A new study has revealed some striking and perhaps ominous similarities between New Zealand's endangered flightless birds and those that have already been lost to extinction.
Using computer simulations, scientists from the University of Adelaide have been able to reconstruct with some confidence the geographic range of extinct moa birds, and in particular their last refuges of habitat.
These so-called ‘moa graveyards’ are also where the islands’ remaining flightless birds, including the iconic kiwi, can be found today, as revealed in a new paper published by Nature Ecology and Evolution.
What happened to New Zealand's moa?
New Zealand was once home to many more unique animals than it is today, and amongst these were moa.
These large wingless birds stood as much as 12 ft in height and were once found across New Zealand in diverse habitats, from forests to coastal dunes.
The advent of human colonisation of the islands in the mid-13th century proved disastrous for moa however, with the fossil record revealing that most of them were driven to extinction within two centuries of the first human contact. This was due to a combination of habitat change, introduced species and hunting. Later arrival of Europeans only exacerbated these problems.
The flightless birds that survived these waves of human colonisation face similar threats to this day, with many of them classed as endangered or critically endangered.
Mountain refuges
This new research mapped out the last habitats of six species of moa from across New Zealand, using a combination of fossil evidence and fine-grained computer simulations, finding that the final populations of these birds lived in the high and cold mountainous areas of the islands.
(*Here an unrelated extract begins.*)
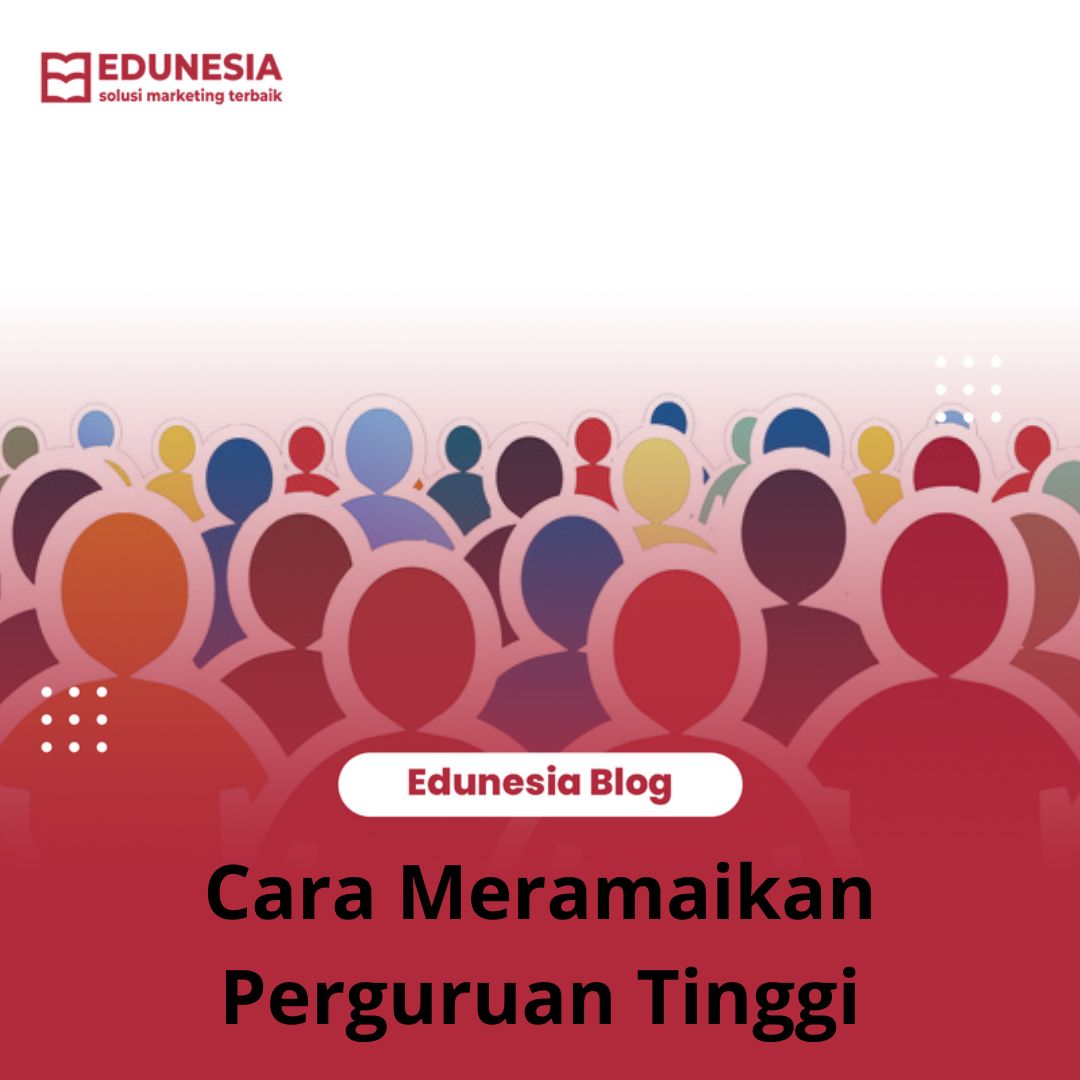 Cara Meramaikan Perguruan Tinggi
These were far from optimal habitats, but they were the areas least impacted by people.
Interestingly it is in these same sub-optimal mountainous regions that threatened but still-living flightless bird species have been found, prior to modern large scale conservation reintroductions.
This similarity between the extinct and extant is especially true of the most threatened of species, such as the kākāpō and takahē.
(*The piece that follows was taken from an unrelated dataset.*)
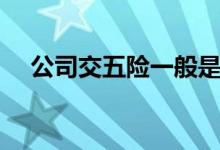公司交五险一般是什么 一个月要多少钱 
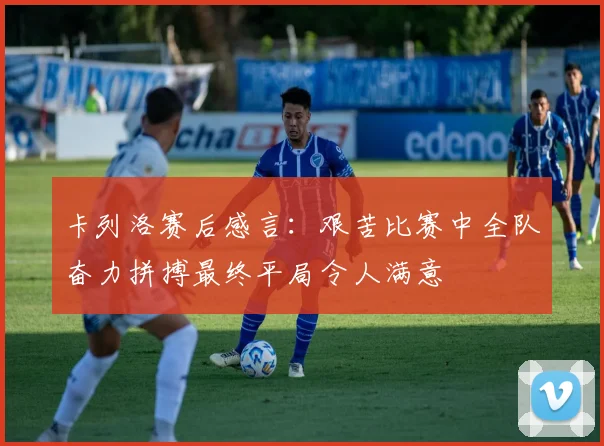 卡列洛赛后感言：艰苦比赛中全队奋力拼搏最终平局令人满意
Repeat patterns: living birds follow extinct moa
Evidence suggests that moa are likely to have disappeared first from the higher-quality lowland habitats, with their rates of population decline decreasing with increased elevation and distance from the shore.
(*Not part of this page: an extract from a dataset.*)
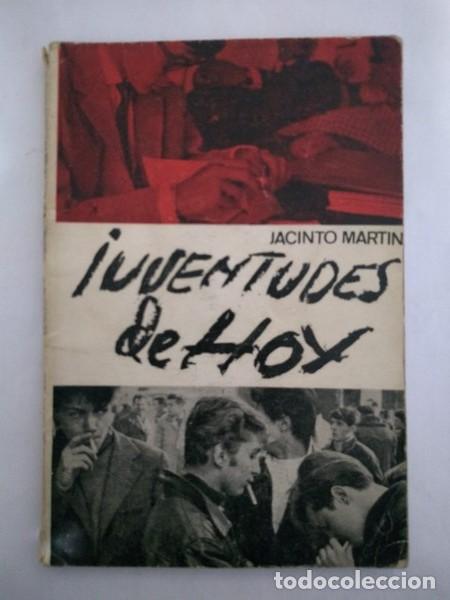 Libros: Juventudes de hoy - Jacinto Martin - Foto 1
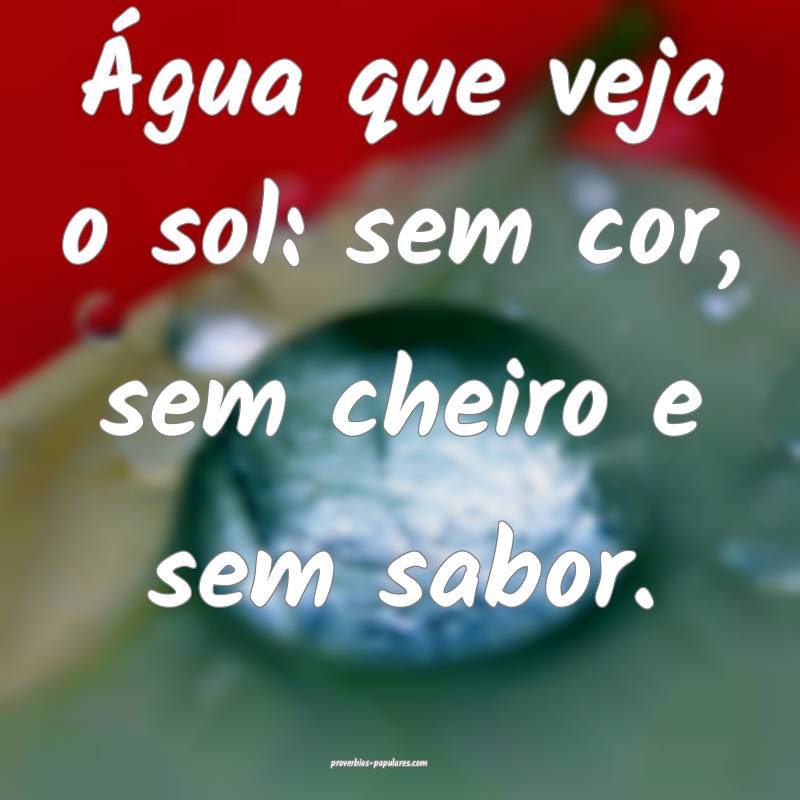Água que veja o sol: sem cor, sem cheiro e sem sabor.
...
A very similar pattern seems to also have been true for the species that have persisted, with their once expansive ranges now restricted to the same small and suboptimal areas.
Even the most widespread of New Zealand’s eight remaining endemic flightless bird species, the weka and the North Island brown kiwi, have been most frequently sighted close to these final moa sanctuaries.
What does this mean for living flightless birds?
These findings are not necessarily a cause for despair for the fate of New Zealand’s flightless birds, however.
Intensive conservation efforts have been responsible for bringing some of the islands’ most iconic species, including the kākāpō, back from the very brink of extinction, and things are looking much more promising for New Zealand’s birds than they once were.
A deeper understanding of historical extinctions, as has been provided by this research, can only aid and inform such conservation efforts, by giving insights into the dynamics of and the forces behind such extinctions.
Knowing more about the behaviour of the flightless birds that have been lost may well give modern scientists better tools for helping those that remain.